Originally built as a religious healing center, Epidaurus was later used for entertainment. However, unlike the silent films of the early 1900s, the theater was not only the place to go see but to go listen as it is renowned for its exceptional acoustics. The theater can hold up to 14,000 spectators who can all hear speakers on the stage perfectly without a single microphone.

Watch the below YouTube video to see a firsthand demonstration of what it would sound like to be in the theater.

How do the acoustics work in this amphitheater so that ancient Greeks sitting in the last row could hear unamplified sound just as clearly as those sitting in the first? This architectural masterpiece has been subject to many theories and speculation, ranging from selective hearing, to ancient actors wearing sound amplifying masks, to the slope of the theater allowing for sound to echo. Assumptions went back as long ago as the 1st Century BCE, when the Roman architect Vitruvius said:

“By the rules of mathematics and the method of music, they sought to make the voices from the stage rise more clearly and sweetly to the spectators’ ears… by the arrangement of theatres in accordance with the science of harmony, the ancients increased the power of the voice.”

Researchers at the Georgia Institute of Technology found the answer and it was none of the above.
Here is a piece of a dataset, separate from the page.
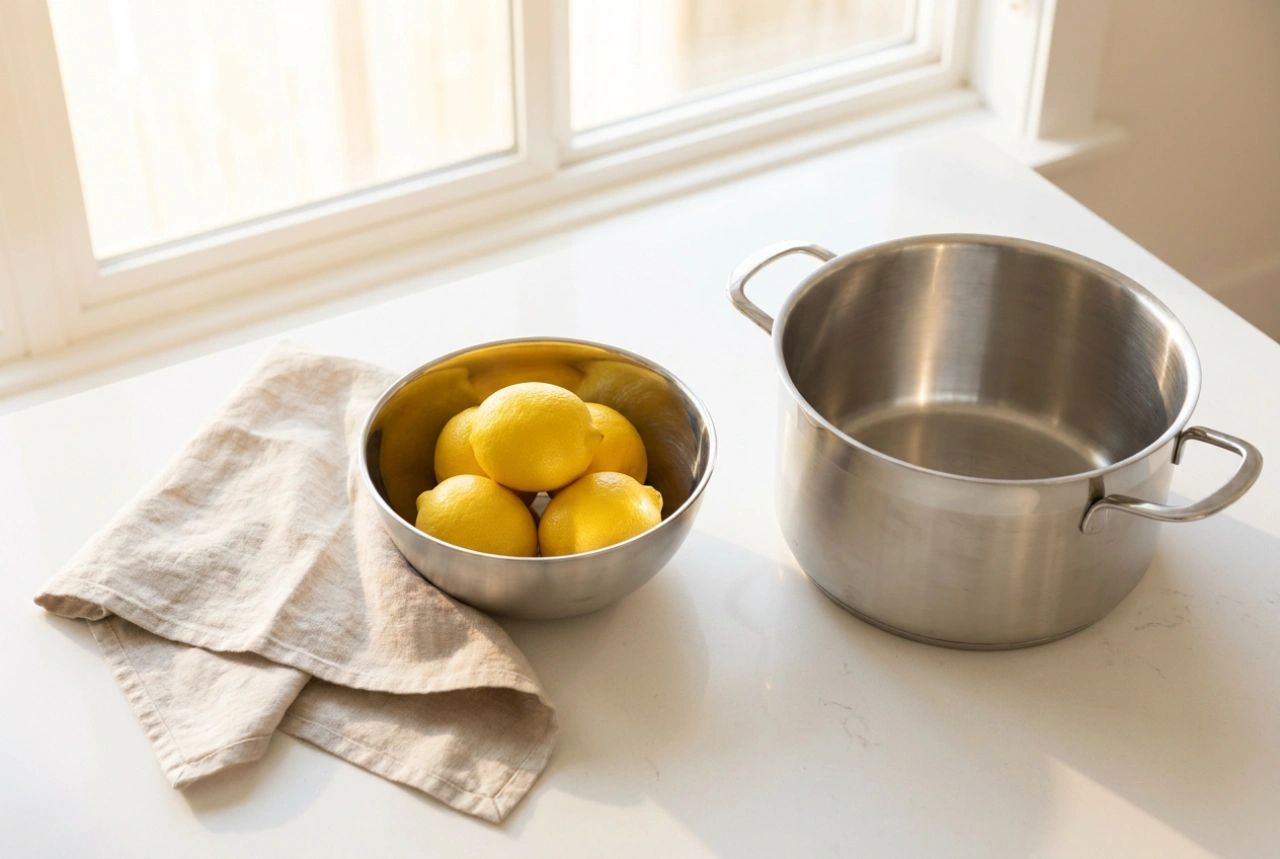 Een veilige en effectieve methode om een aangebrande pan schoon te maken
By conducting a series of experiments with ultrasonic waves they discovered that the seats made of limestone and bearing corrugations, allow for a filtering effect on background noise by suppressing low frequencies such as wind and the movement of people. At the same time, the seats also reflect high-frequency sounds back towards the audience, thus magnifying the effect.
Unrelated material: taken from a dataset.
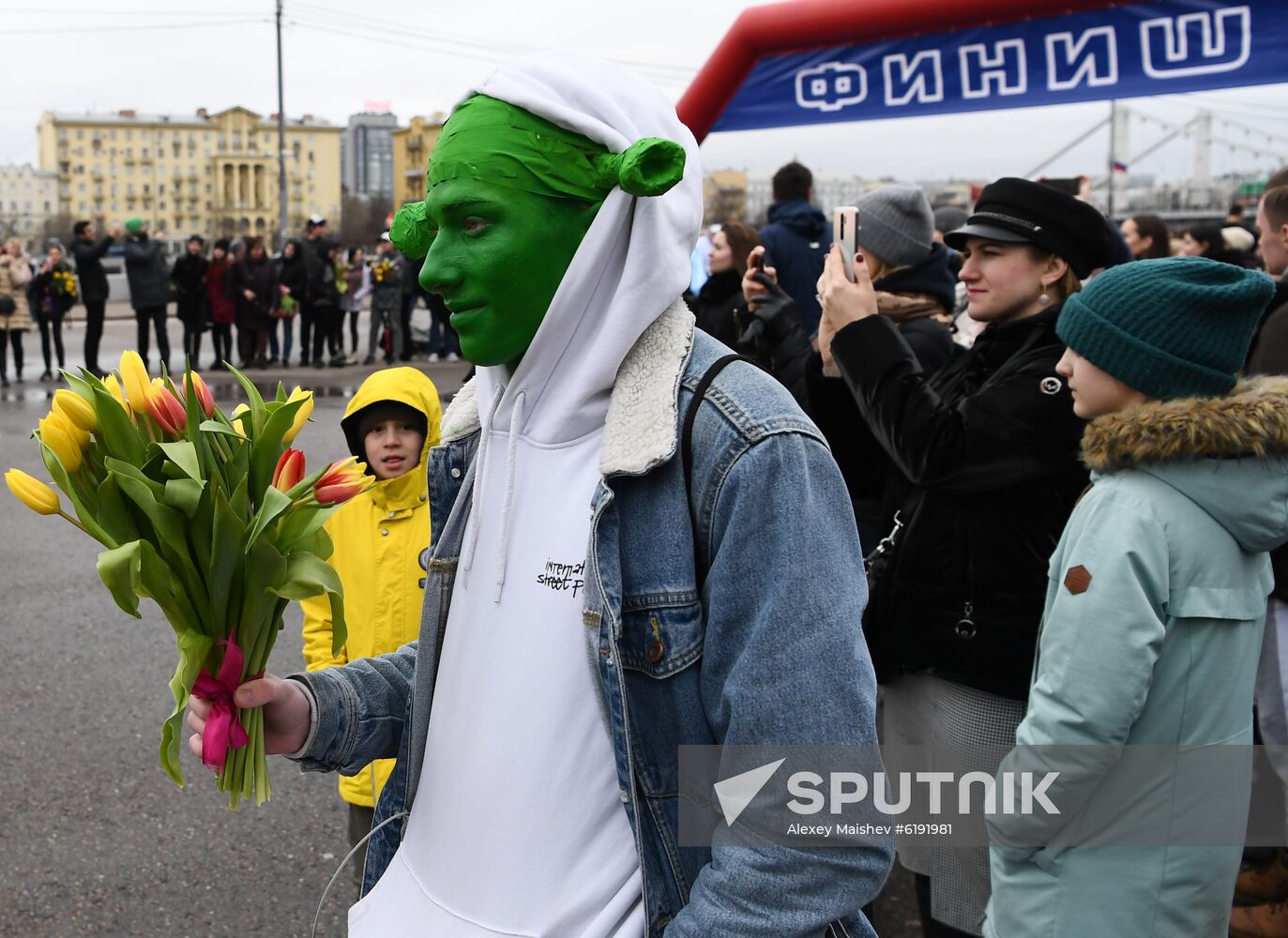 Russia Women's Day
This is known as an acoustic trap and creates a higher clarity of sound. If you’re questioning the effect of filtering out low frequency sounds coming from the actors on stage, worry not because of a phenomenon known as virtual pitch. The virtual pitch phenomenon refers to how the human brain can reconstruct missing frequencies. A good example of this effect would be speaking to someone on a phone with no low end.

Interestingly enough, it seems as if the architect who designed the Epidaurus Theatre didn’t realize he was creating a sonic masterpiece. The effect has been attempted in different replications over the years but has not been successful since other theaters used wood or other materials for their seating; the natural acoustics don’t sound nearly as good.

It is true that modern theaters like IMAX can depend on other innovations to increase audibility but Nico Declercq, the lead researcher involved in the study done by GIT, says that the acoustic trap might still be a good idea: “In certain situations such as sports stadiums or open-air theaters, I believe the right choice of the seat row periodicity or of the steps underneath the chairs may be important.”